Separated from religion, the state would never persecute; joined with religion, the state will always persecute, because it will then be a party in a strife between opposing religions.

And besides, if the state is to be religious, why should it not join the church? For all professors of religion, church membership is a logical necessity; the church exists for the very purpose of joining professors of religion into one company. If the state can properly profess religion, it can properly be joined with a church; and if it cannot properly be joined with a church, it cannot properly profess religion.

Whatever religion the state may profess, will in itself identify the state with some church.

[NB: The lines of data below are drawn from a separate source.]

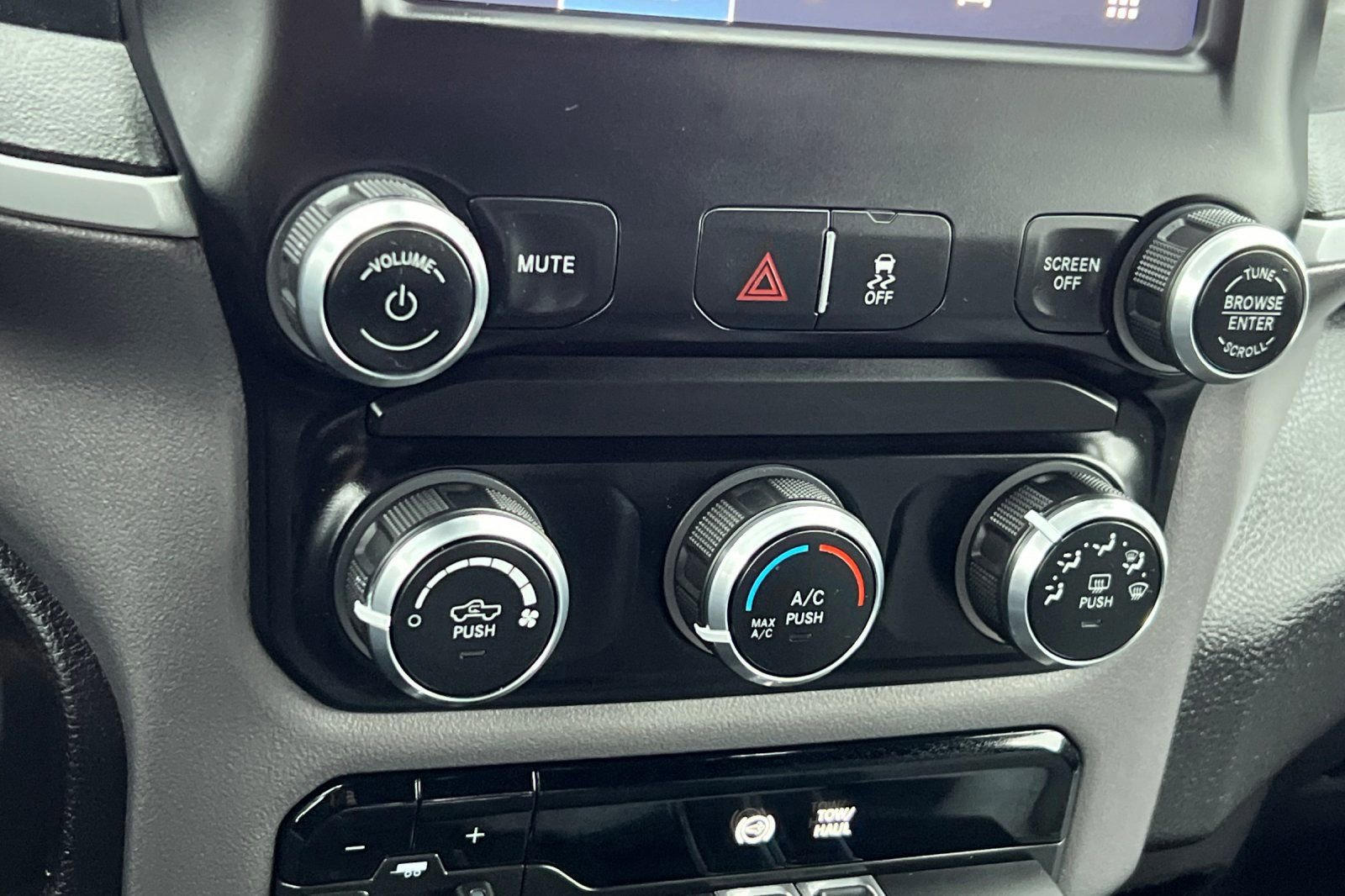 Used 2023 RAM 2500 Big Horn w/ Level 1 Equipment Group image 19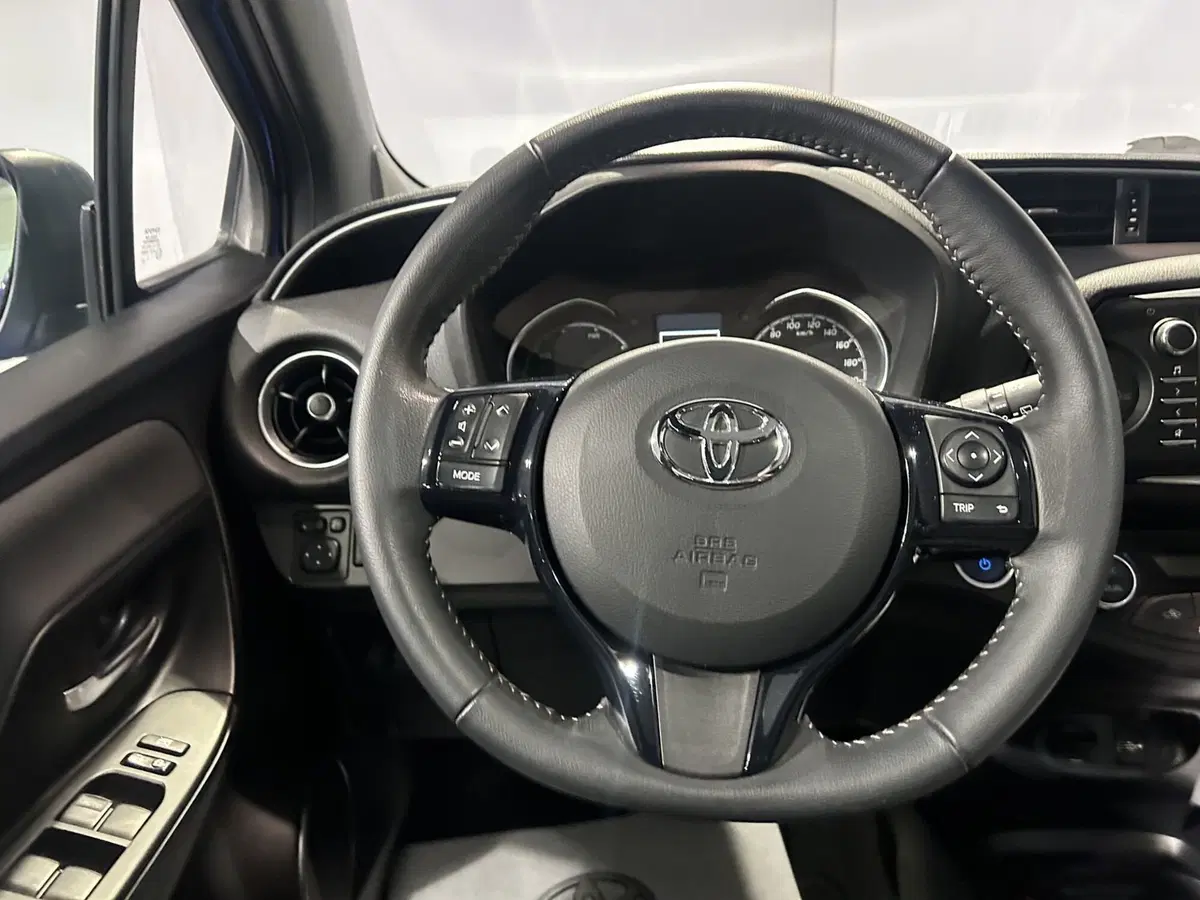 Toyota Yaris usata a Milano (10)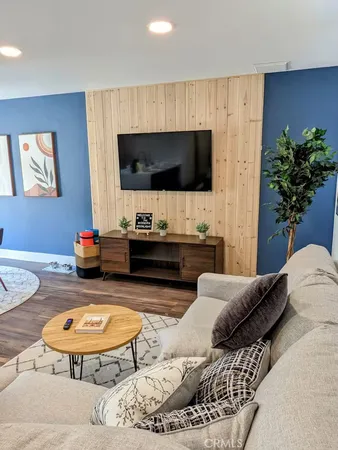 $2,400 | 61471 El Cajon Drive, Joshua Tree, CA 92252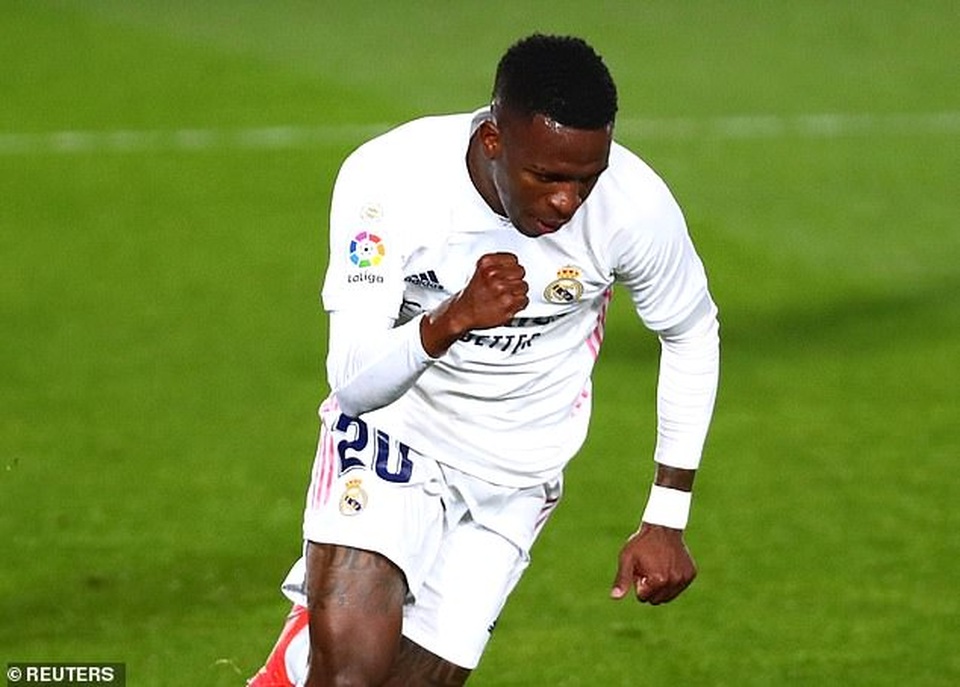 Hút chết trước Sociedad, Real Madrid kém Atletico 5 điểm - 3 Hút chết trước Sociedad, Real Madrid kém Atletico 5 điểm - 3
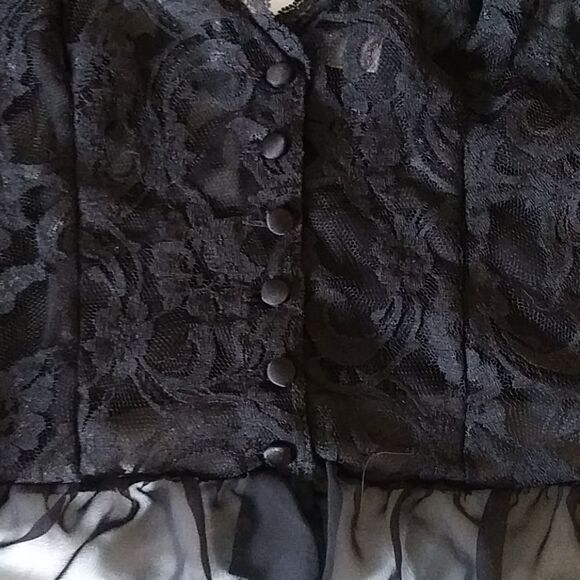 Delicate little black cami top with ruffled bottom - Picture 7 of 9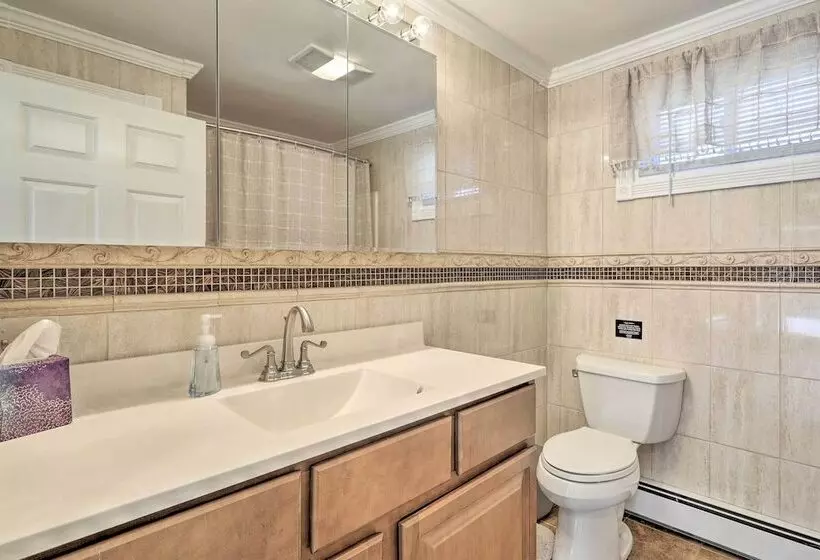 Tranquil Swansea Retreat W/ Fire Pit & Grill!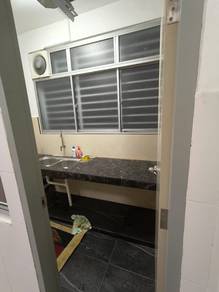 Serunai Apartement Bandar Bukit Raja 1 aircond kitchen table top rent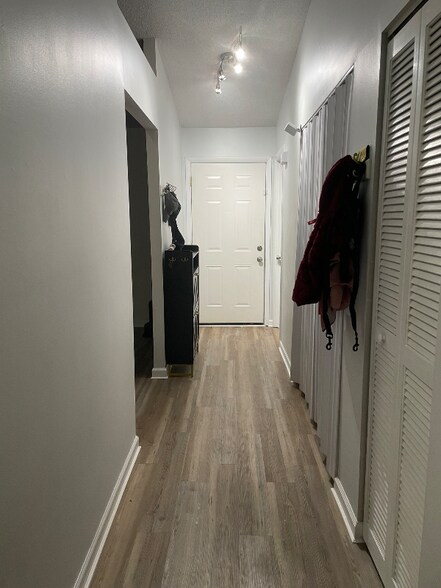 Building Photo - 816 Stephanie Ct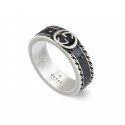 Anello in argento 925 e smalto nero con dettaglio G intrecciata
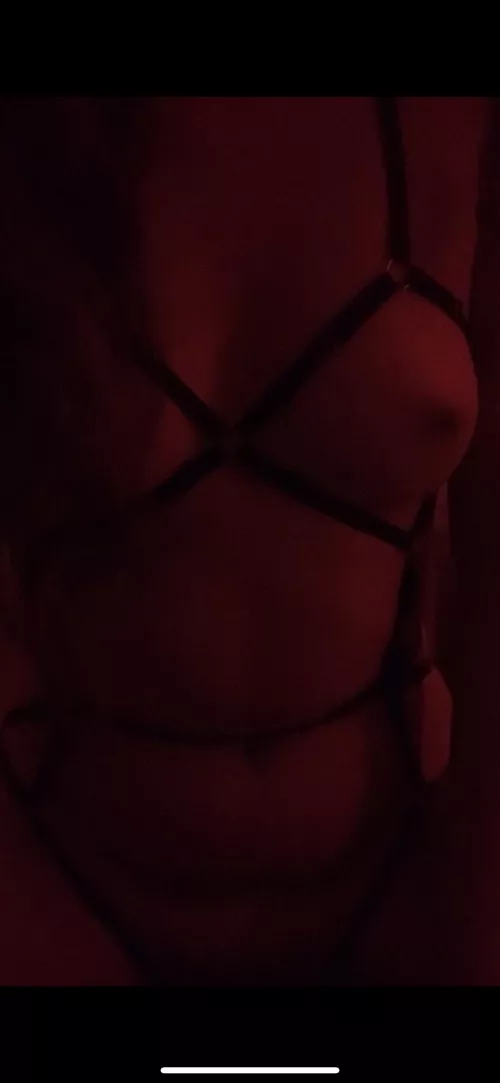 Submit to this SoCal slut by switchbrat717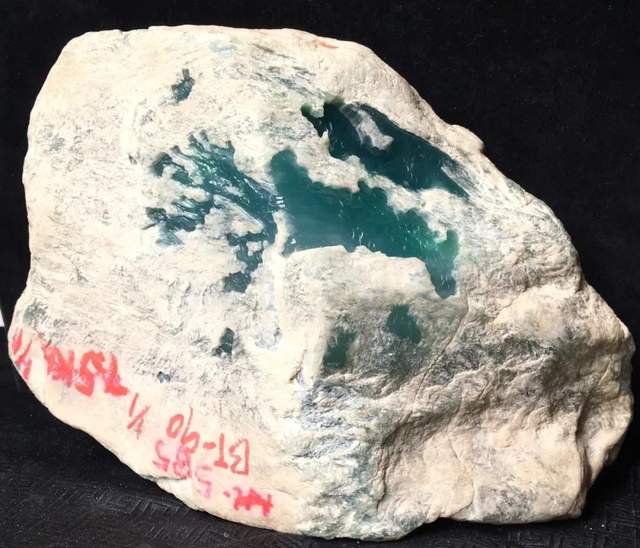 翡翠|这个场口为何能在缅甸上万个翡翠原石场口中脱颖而出“一夜成名”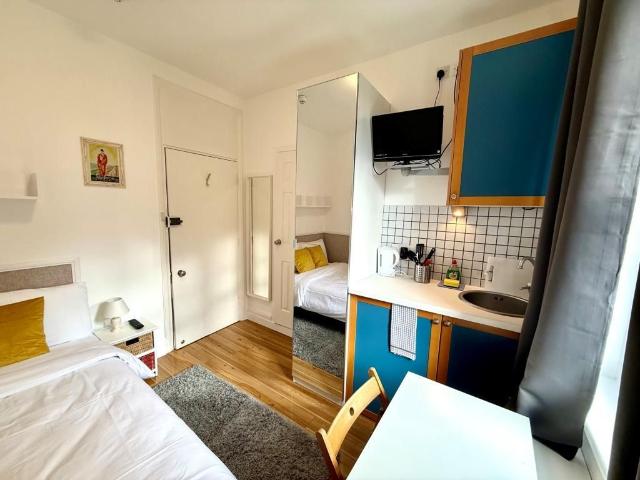 Studio for rent in London Borough of Hammersmith and Fulham, Greater London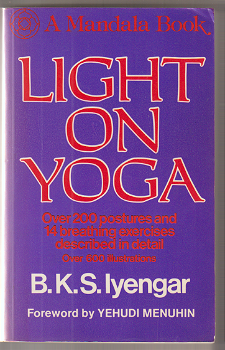 Iyengar: Light on Yoga - 0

For the state’s religion must be something definite, and there is no definite religion that does not belong to a definite church or religious body.

Separation of religion from the state, therefore, is the only proper attitude of the one for the other. No one person has power to force his religious views upon another, and if civil force cannot properly be joined [484] with the religious views of one person, it cannot be properly joined with the views of two or more persons. A non-religious state does not mean an anti-religious state; for as we have seen, it is always a religious state that employs its force against religion.

The non-religious or purely secular state simply interferes with no religion, but leaves all religions free to stand on their own merits, to survive or perish as the case may be. All false religions ought to perish, and the true religion, being imbued with the life and the power of God, cannot fail. Religion and the state, therefore, must be kept wholly separated in order that both may fulfill their proper mission in the world.